After a boundary review implemented for the 2015 local elections, Fairford was split into two District Council electoral wards called Fairford North Ward (single member) and Lechlade, Kempsford and Fairford South Ward (two member). On Cotswold District Council Fairford North Ward is represented by Liberal Democrat Andrew Doherty and Lechlade, Kempsford and Fairford South Ward is represented by Conservative Councillors Stephen Andrews and Sue Coakley.

The town is represented on Gloucestershire County Council by Conservative Councillor Ray Theodoulou who represents the Fairford and Lechlade on Thames Division.

Fairford North Ward

Lechlade, Kempsford and Fairford South Ward

Fairford and Lechlade on Thames Division

The ward population at the 2011 census was 4,031.

Churches

St Mary's Church

The Church of England parish church of Saint Mary is renowned for its complete set of medieval stained glass, stone carvings and misericords. Rebuilt in the early 1490s by the wool merchant John Tame (d.1500), the church is an example of late Perpendicular Gothic architecture that is characterised by slim stone window mullions and light but strong buttresses. The style enabled larger windows than previously, allowing much more light into the building. Grade 1 listed by English Heritage, its structure and details remains unaltered since built.

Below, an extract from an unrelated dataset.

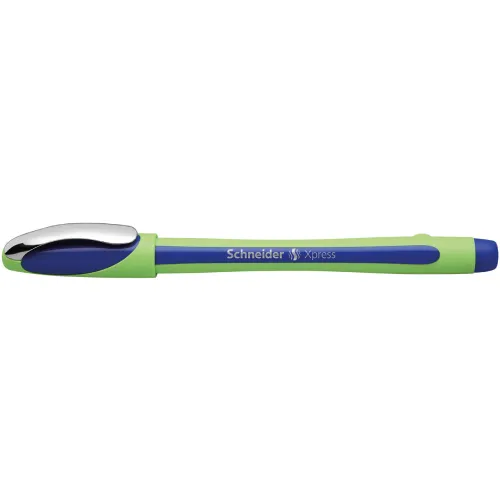 روان‌نویس آبی Schneider 190003 Xpress 0.8mm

Stained glass, St Mary's Church

St. Mary's is of national historical and architectural importance because it houses the most complete set of mediaeval stained glass windows in the country, attributed to Barnard Flower. The glass survived the Reformation when many images in English churches were destroyed. In 1642, during the Civil War, they narrowly avoided destruction when the Roundhead army was marching on the nearby town of Cirencester.

Some of the panes were damaged during a storm in November 1703 and those were repaired and modified or replaced. A conservation and restoration programme began in 1988 and finished in 2010. Clear glass now protects the old glass.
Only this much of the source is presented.